Los objetivos cardinales de la constitución estadounidense fueron crear una unión más perfecta, establecer la justicia y promover el bien común. Para lograr esos objetivos se consideraba necesario prohibir los títulos de nobleza, establecer un mecanismo para evitar los conflictos de intereses que la concurrencia del poder legislativo y ejecutivo podían generar, y un mecanismo para castigar al presidente, vicepresidente y a toda la oficialidad civil del estado por actos de traición, soborno y otros crímenes, ya fuesen serios o menores.
Al mismo tiempo, la constitución afianzó la institución de la esclavitud al garantizar el curso de la trata de esclavos por toda una generación a partir de la adopción del documento y al determinar que la cadena de la esclavitud era inquebrantable, que de la esclavitud no había escape, dándole el derecho absoluto a los esclavistas a reclamar a aquellos esclavos que le dieran por escaparse a otros estados. A tono con su carácter federalista, la constitución quedó silente respecto a quienes tenían derecho a votar, dejándole esa decisión a los estados. Con ese silencio, la constitución articuló otra contradicción de sus objetivos al mantener a las mujeres y los hombres sin propiedad excluidos del derecho al voto.
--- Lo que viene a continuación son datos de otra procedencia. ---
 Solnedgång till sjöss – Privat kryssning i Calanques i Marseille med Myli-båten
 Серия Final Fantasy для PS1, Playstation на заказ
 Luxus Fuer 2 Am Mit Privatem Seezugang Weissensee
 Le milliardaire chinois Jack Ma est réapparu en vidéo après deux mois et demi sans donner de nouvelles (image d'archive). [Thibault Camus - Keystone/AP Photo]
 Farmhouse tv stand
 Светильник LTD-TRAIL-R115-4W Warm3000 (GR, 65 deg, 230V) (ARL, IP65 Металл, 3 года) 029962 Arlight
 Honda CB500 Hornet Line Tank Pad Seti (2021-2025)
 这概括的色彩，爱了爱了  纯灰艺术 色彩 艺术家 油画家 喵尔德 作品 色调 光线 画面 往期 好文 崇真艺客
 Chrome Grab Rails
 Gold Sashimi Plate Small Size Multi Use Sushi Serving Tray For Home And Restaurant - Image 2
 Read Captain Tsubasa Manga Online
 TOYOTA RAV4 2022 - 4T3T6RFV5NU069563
Una vez concluida la Guerra Civil, la abolición de la esclavitud es seguida por el sistema de segregación racial Jim Crow. En un lado de la pantalla uno puede ver la enmienda número catorce a la constitución, garantizando el derecho a la protección egalitaria de la ley, la enmienda número quince dándole el derecho al voto a los negros y en el otro lado refulgen el nacimiento del Ku Klux Klan, los linchamientos, los impuestos electorales, los requisitos de alfabetismo para votar, y las clausulas de derechos adquiridos que para todos efectos legales y prácticos anulan los derechos establecidos por las enmiendas.
En las postrimerías del siglo diecinueve, uno puede ver la exclusión de los chinos en un lado de la pantalla americana y en el otro lado la contribución de éstos a la construcción de la vía férrea transcontinental. Se puede ver el vigoroso desarrollo industrial capitalista que introduce de forma impactante el urbanismo y la urbanidad a la misma vez que la garra imperialista del capital y de su estado se afianza en Cuba, Puerto Rico y las Filipinas y de la cual Puerto Rico, para bien o para mal, no se ha querido zafar. Luego, en el siglo veinte, a un lado de la pantalla están la reformas del Nuevo Trato, las leyes laborales que alientan el desarrollo del movimiento obrero y la iniciativa de Woodrow Wilson en el frente internacional promoviendo la Sociedad de las Naciones, mientras que al otro lado están las intervenciones militares en el Caribe y América Latina, la ley de inmigración del 1924 que codifica el racismo xenofóbico contra los asiáticos en general y contra los japoneses en particular, la exclusión de los negros del acceso a programas establecidos durante el Nuevo Trato, la ley Taft-Harley, que le da más privilegios y poder de regateo a los patronos que a los obreros, el confinamiento de ciudadanos japoneses e italianos en campos de concentración y la persecución y deportación masiva de trabajadores mexicanos durante la infame Operation Wetback.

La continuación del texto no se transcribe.